When a project has failed, why continue investing in it? This is an important question for large organisations such as the NHS, which has a history of investing “vast amounts of taxpayer’s money into unrealistic and ultimately unsuccessful projects,” says a new report.
The National IT Programme for the NHS, Individualised Patient Choices and Mental Health Services Reform are three costly examples of the NHS failing to quit while it was ahead, say study authors Marianna Fotaki, professor of business ethics at the University of Warwick, and Paula Hyde, professor of organisation studies at Durham University, reporting in the journal Human Relations.
Examining the reasons behind escalating commitment in the face of failure, they say that organisations such as the NHS develop blind spots due to “a perfect storm of unworkable policies and defensive behaviour.”

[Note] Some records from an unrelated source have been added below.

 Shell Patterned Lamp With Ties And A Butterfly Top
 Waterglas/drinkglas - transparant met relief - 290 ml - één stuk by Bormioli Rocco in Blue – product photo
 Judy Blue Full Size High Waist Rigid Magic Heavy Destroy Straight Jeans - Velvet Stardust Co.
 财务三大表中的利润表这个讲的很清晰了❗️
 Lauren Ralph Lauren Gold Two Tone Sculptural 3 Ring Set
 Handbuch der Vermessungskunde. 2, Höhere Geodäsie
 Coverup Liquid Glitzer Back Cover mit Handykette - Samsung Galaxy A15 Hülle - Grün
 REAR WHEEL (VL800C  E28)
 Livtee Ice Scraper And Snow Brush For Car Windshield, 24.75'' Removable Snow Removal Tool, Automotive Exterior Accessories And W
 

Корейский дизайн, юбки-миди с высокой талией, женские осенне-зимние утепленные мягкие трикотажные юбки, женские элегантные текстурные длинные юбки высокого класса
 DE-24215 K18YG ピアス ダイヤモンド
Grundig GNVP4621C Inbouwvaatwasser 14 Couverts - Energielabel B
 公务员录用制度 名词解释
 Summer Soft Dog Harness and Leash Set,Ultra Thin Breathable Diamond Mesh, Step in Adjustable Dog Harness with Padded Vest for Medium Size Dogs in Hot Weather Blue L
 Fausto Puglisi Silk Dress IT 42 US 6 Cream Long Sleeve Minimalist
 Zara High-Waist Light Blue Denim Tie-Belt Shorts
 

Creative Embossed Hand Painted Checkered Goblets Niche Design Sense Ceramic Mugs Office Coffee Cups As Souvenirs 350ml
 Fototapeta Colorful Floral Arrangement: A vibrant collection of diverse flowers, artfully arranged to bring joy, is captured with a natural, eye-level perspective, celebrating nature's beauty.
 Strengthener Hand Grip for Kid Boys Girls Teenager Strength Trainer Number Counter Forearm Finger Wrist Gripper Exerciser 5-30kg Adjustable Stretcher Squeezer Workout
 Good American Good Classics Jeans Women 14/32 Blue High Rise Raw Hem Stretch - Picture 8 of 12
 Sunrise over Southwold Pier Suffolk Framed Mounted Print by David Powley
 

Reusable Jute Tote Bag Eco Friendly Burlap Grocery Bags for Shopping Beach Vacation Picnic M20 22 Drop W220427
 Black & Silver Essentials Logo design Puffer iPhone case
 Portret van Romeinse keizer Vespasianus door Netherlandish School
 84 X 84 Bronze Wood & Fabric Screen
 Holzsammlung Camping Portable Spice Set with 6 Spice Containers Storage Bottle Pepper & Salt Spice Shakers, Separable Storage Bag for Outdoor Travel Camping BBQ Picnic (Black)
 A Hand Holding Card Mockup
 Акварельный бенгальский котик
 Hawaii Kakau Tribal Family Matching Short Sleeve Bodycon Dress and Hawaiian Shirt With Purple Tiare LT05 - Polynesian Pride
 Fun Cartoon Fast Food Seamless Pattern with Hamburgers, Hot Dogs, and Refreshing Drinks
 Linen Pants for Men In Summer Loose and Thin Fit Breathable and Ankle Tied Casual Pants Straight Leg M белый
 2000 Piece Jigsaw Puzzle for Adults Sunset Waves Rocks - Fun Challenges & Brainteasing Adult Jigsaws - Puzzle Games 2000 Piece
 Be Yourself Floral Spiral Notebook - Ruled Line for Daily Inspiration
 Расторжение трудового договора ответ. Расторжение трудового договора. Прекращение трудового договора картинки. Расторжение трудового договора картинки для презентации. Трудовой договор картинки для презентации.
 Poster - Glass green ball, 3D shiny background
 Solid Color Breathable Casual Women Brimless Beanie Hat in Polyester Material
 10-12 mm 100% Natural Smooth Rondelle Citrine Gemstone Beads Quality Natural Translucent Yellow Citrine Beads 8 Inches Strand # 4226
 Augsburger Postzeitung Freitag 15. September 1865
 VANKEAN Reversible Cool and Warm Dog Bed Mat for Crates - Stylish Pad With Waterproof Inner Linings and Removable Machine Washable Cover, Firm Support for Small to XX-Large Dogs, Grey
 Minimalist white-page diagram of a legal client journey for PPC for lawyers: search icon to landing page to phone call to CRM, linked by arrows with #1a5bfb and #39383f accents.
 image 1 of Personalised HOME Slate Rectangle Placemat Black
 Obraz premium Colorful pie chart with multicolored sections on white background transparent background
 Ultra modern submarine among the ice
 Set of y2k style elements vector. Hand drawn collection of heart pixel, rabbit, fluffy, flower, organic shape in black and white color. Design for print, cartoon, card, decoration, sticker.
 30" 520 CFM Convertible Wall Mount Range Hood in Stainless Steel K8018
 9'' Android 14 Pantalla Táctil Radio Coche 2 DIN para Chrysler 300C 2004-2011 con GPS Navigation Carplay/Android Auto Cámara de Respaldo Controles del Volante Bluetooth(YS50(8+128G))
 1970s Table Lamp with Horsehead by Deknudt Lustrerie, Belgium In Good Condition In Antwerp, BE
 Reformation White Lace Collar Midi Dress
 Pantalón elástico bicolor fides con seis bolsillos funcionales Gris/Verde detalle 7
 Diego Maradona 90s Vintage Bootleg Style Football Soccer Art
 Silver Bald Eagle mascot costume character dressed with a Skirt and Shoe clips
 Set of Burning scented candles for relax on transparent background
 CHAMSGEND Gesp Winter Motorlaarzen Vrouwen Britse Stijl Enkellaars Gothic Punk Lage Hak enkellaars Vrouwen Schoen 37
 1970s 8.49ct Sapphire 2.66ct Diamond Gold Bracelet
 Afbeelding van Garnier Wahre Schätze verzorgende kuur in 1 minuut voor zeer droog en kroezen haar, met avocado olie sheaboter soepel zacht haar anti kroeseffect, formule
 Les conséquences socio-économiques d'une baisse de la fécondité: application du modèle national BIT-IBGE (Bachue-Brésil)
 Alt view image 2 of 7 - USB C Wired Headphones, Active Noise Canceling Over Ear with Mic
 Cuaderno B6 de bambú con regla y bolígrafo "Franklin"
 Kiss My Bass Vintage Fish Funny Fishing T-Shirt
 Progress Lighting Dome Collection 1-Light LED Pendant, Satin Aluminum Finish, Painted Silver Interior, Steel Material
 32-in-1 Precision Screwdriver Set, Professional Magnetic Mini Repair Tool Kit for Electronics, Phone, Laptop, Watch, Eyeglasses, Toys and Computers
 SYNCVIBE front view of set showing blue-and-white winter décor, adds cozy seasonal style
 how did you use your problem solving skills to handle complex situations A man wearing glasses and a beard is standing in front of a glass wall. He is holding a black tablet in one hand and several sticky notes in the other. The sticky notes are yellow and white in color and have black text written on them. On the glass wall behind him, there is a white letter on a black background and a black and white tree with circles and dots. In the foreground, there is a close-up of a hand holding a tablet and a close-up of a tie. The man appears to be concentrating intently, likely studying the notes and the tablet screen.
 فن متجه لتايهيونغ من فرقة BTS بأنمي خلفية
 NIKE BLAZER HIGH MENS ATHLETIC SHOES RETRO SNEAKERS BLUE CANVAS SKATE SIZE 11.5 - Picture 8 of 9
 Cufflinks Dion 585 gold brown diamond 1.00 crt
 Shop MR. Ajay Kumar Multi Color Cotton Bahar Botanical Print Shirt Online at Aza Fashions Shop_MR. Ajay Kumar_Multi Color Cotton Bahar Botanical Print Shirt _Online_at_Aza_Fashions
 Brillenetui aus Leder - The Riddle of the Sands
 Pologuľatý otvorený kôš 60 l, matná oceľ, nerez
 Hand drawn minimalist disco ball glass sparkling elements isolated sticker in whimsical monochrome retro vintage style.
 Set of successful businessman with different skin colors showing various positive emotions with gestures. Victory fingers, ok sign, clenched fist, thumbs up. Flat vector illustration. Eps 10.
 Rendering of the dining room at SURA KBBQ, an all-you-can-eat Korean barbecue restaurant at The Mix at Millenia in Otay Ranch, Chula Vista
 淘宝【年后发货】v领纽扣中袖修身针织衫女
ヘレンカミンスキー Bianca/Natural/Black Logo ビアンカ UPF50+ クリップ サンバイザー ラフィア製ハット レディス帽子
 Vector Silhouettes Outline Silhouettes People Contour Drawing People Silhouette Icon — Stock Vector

Unconscious social demands – such as the expectation that a well-run health service can prevent disease or death – often underpin unrealistic policies, and the very fact that society expects organisations to address such large and intractable problems means that failure is inevitable, say the authors. But the policies themselves demand that organisations will remain committed.
Certain groups within organisations, such as clinicians or patients, are often acutely aware of problems, but their voices can be cut off through “splitting” and blame. “Splitting” is a defence which helps people cope with doubts, conflicting feelings or anxiety; they separate negative and positive feelings, no longer recognising an object as a whole but as separate parts, idealising the “good” part and seeing the “bad” part as carrying the potential to cause harm.
Splitting in the system, mostly between policy and its implementation, enables idealisation of the task, which then becomes an aspirational “grand project,” causing organisations to abandon the very task they have been created to fulfil, say the authors.
The National IT Programme for the NHS, the world’s largest civil IT project with unprecedented investment beginning in 1999, was finally abandoned in 2011 after the National Audit Office cast serious doubts about the wisdom of ploughing further money into it. Here, the necessary step towards creation of blind spots was the push to invest in the scheme without consulting or collaborating with clinical staff or learning from past failures, say the authors. Clinicians who expressed concerns about the Programme were criticised for failing to embrace much-needed change and were only included in the process once it hit difficulties.
An important implication of the study concerns the inability of power-holders and/or policymakers to recognise the origins of blind spots in such overly-ambitious policies, as well as their own emotional investment in these policies, says Prof Fotaki.
“There is enormous pressure to demonstrate success, often fed by public scrutiny. Such intensification of commitment to a chosen course of action, driven by a desire to avoid humiliation associated with failure, may lead to greater and greater material losses,” she warns.